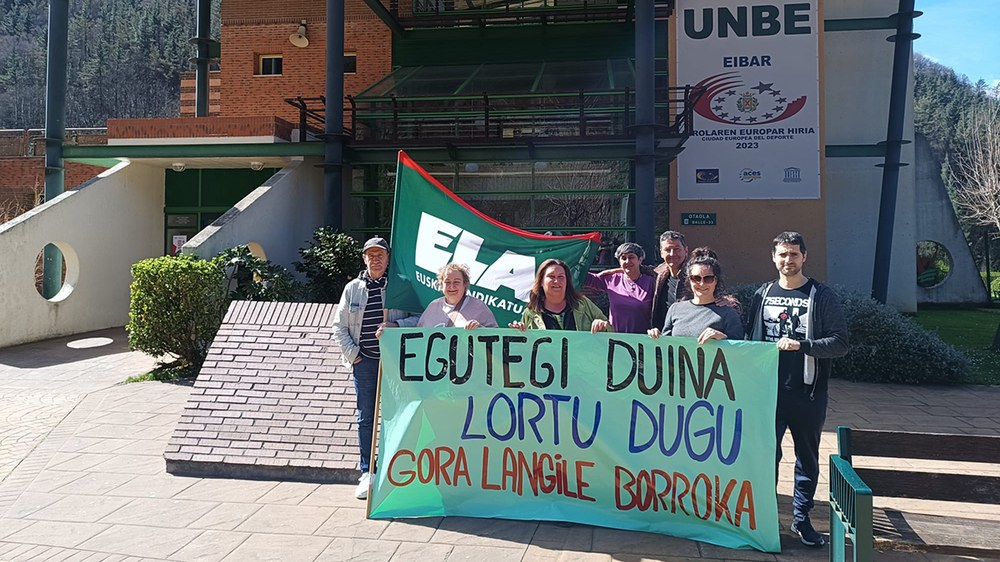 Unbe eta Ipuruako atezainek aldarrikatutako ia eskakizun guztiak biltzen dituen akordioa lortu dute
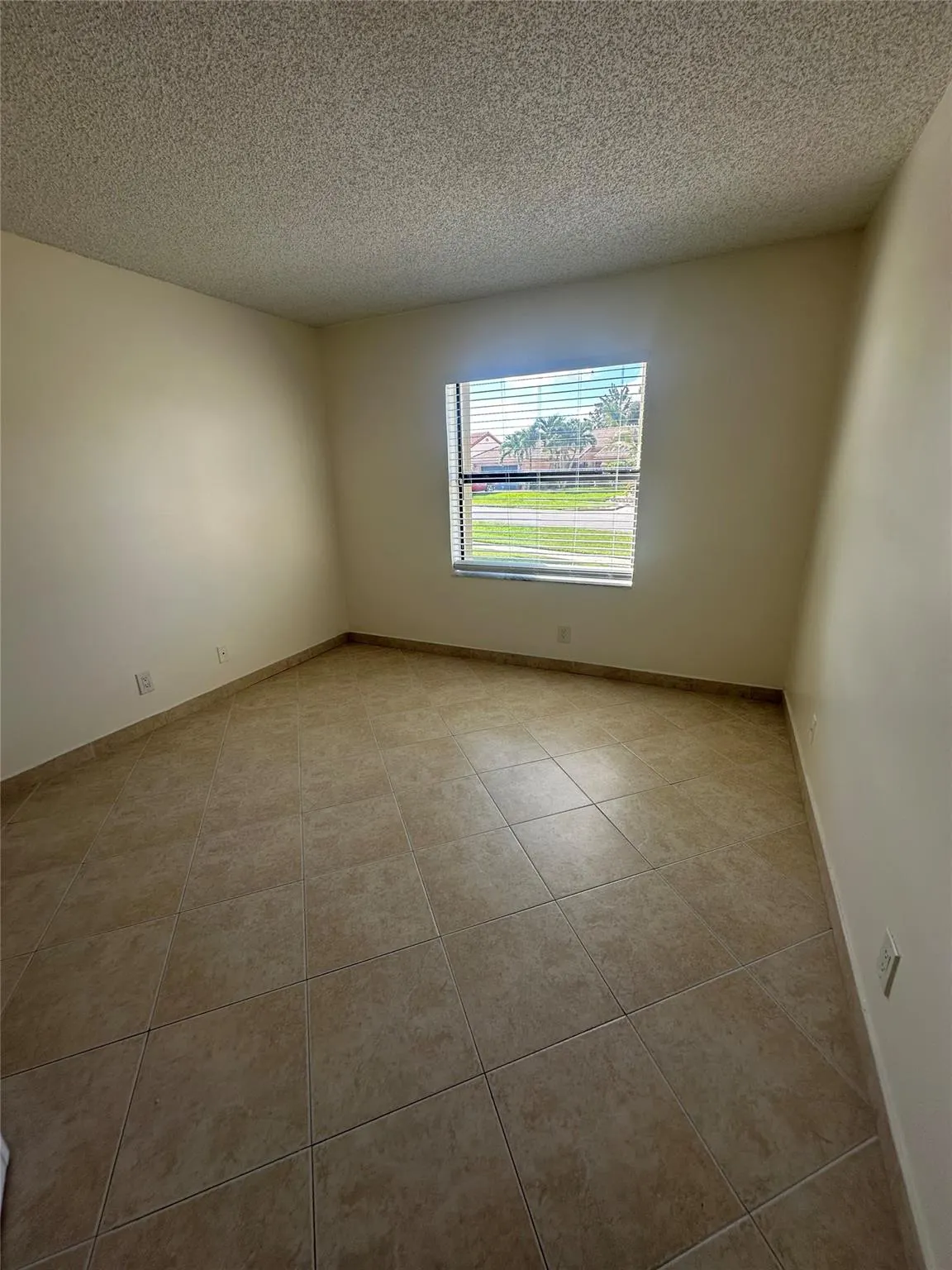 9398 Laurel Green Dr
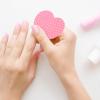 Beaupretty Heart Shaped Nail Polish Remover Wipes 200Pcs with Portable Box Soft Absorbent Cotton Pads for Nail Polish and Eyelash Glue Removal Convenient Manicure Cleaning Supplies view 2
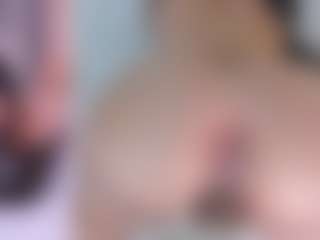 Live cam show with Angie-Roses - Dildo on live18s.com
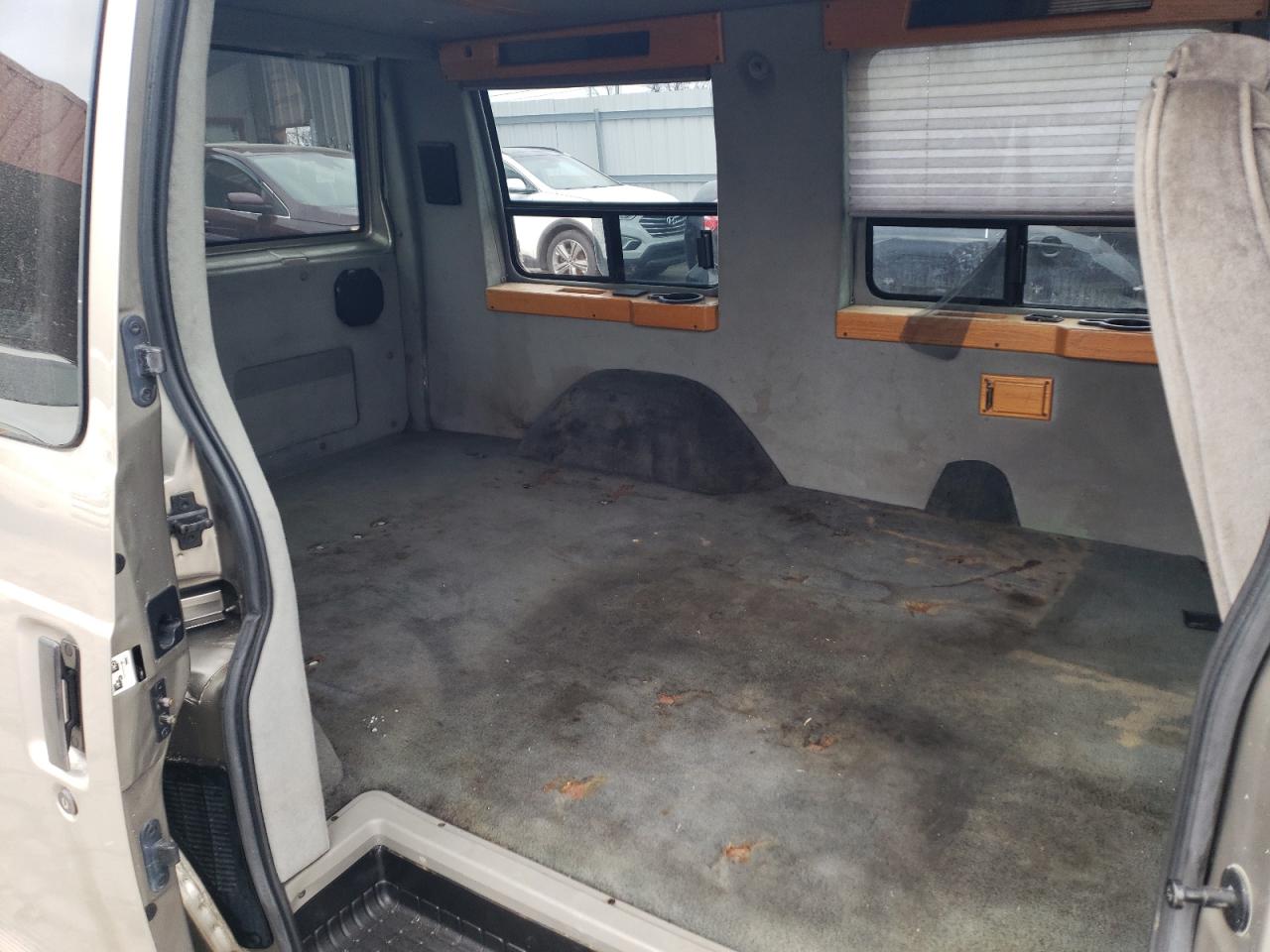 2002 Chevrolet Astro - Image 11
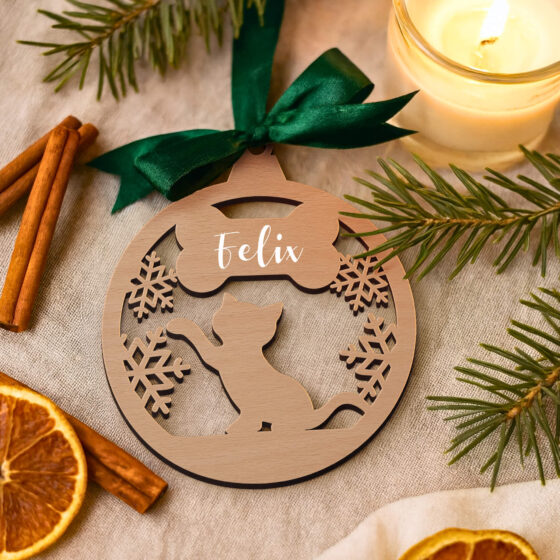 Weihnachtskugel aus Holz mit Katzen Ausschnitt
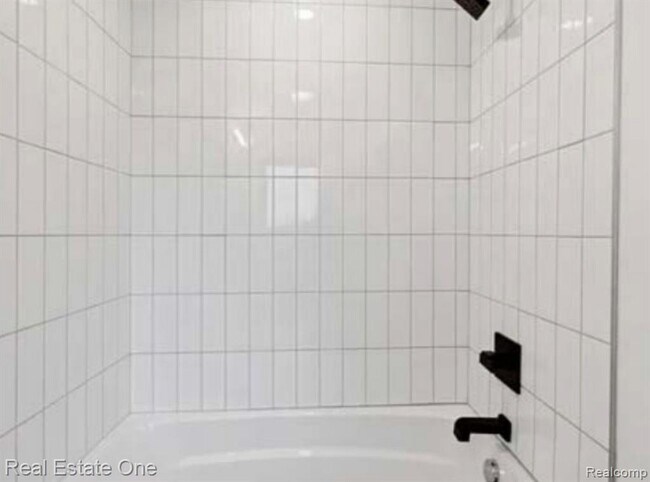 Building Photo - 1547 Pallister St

TRY IT: Word for word, set down every line of the records above, and leave the pictures out.

ANSWER TO THE EXERCISE:
 Unbe eta Ipuruako atezainek aldarrikatutako ia eskakizun guztiak biltzen dituen akordioa lortu dute
 9398 Laurel Green Dr
 Beaupretty Heart Shaped Nail Polish Remover Wipes 200Pcs with Portable Box Soft Absorbent Cotton Pads for Nail Polish and Eyelash Glue Removal Convenient Manicure Cleaning Supplies view 2
 Live cam show with Angie-Roses - Dildo on live18s.com
 2002 Chevrolet Astro - Image 11
 Weihnachtskugel aus Holz mit Katzen Ausschnitt
 Building Photo - 1547 Pallister St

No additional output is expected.